Hoy, a mis treinta años, hay días en que me siento más pequeña que nunca, en que me gustaría poder escucharme de veinte y hacerle caso a mis fuerzas. Temo haber perdido la seguridad y la valentía que me reafirmaba otra; no haber crecido lo suficiente; que el tiempo pasara en vano. Pero me digo que no; me convenzo que he crecido en manías y también en fuerzas. Cierro los ojos para recordar los años pasados y no consigo convocar ningún recuerdo confiable, sin embargo, puedo, con total claridad sentir la ansiedad y la tristeza del fin del 2016 y entonces agradezco el tiempo que sin duda ha pasado.
Agradezco la nieve clara que ilumina el día con el deseo de iluminar el año entero; los abrazos y el amor de quienes me permiten estar en silencio sin pedirme que sea quien no puedo.
Agradezco las risas y el apoyo de los amigos; un año lleno de derrumbes y remodelaciones. En diez tendré cuarenta y no hay manera de saber las decisiones que habré tomado, pero espero que sean maestras todas; viajeras. Porque a pesar de los miedos que se me cuelan bajo la piel, esas convencionales y cobardes tentaciones de buscar seguridad tras hermosas rejas, lo único que realmente me interesa es seguir construyendo una vida honesta, mía, ancha de experiencias y emociones.

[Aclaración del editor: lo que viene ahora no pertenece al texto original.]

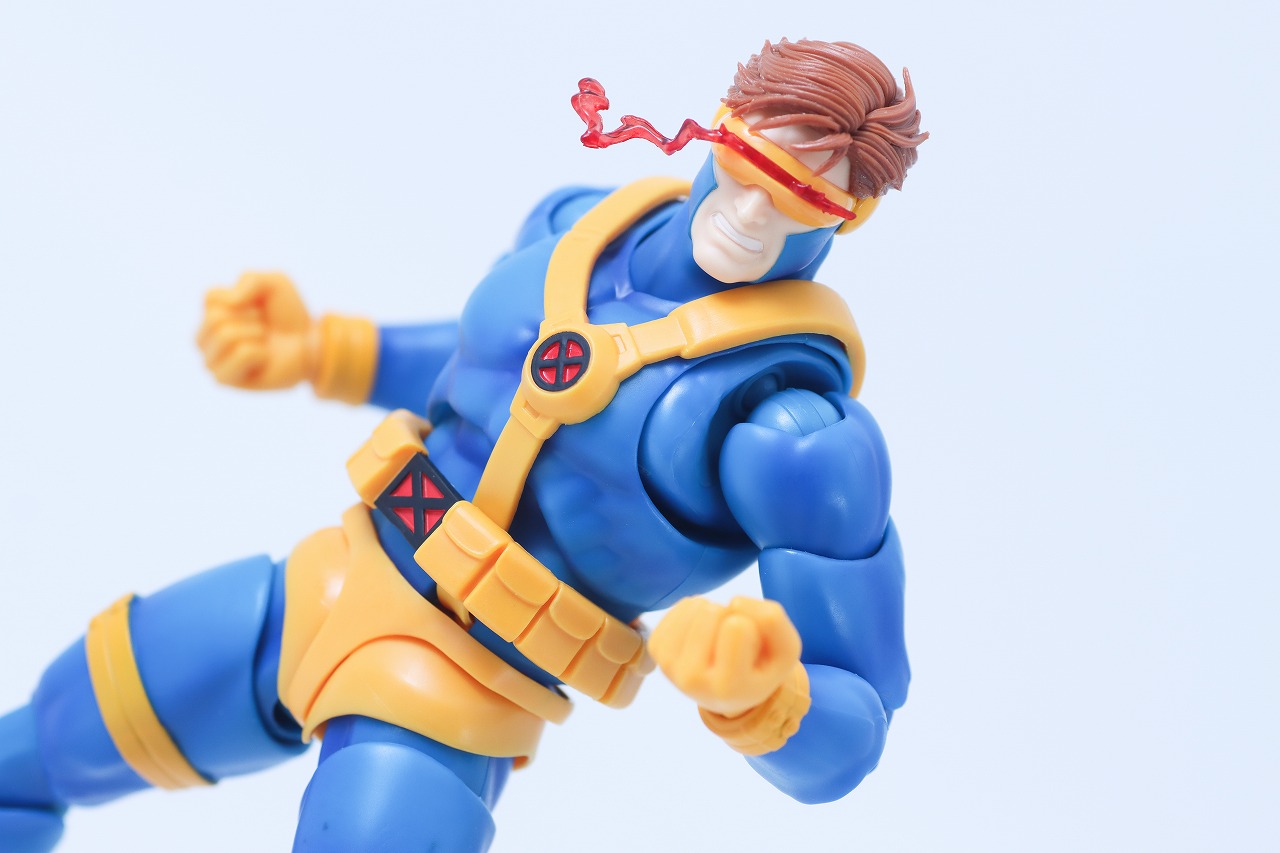 S.H.フィギュアーツ　サイクロップス（GAMERVERSE）　レビュー　アクション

Abro los brazos al sol de invierno incrédula de esta suerte que de una finca cafetalera me trajo a las montañas nevadas del norte. Incrédula siempre de la vida que me ha colmado de este modo tan abrumador, tan pleno, tan cálido. Y así, consciente, -pero sin saber que pronto pararé un día entero en L.A. en casa de un amigo y después estaré en Costa Rica de regreso, bajo el sol y rumbo a la playa-, me da rabia el temor que crece dentro de mí de haber perdido para siempre las palabras; aquellas que pueden nombrar lo que en verdad estoy sintiendo.
Siento una completa incertidumbre acerca de lo que este año traerá; tengo treinta años y no completo ni media página de currículum convencional, finalmente he perdido el trabajo que tanto odiaba, no tengo retiro, ni esposo, ni los hijos que en algún momento quise. He gastado mis ahorros y tengo una deuda enorme que me hace poseedora del departamento más hermoso y más mío del mundo. No hay nadie que me espere en casa, sin embargo, me siento bienvenida en todos los sitios a los que llego. No tengo un plan de vida, pero estoy segura de que pronto llegaré en coche de Londres a Mongolia. Ya no tengo miedo del silencio, y hoy, más que nunca, me siento profundamente hermana de la otra yo que me habita. Estamos bien. Ella, yo y las otras tantas que somos: acompañadas. No me hace falta absolutamente nada y, sin embargo, me encuentro palpitante acerca de las incertidumbres del año que nace. Confía, me repito. Confía en esta vida dulce que te lo ha dado todo: todo.
Quiero dejar atrás los duelos, el temor, las ansias, y recibir este año como quien se mete desnuda en un río.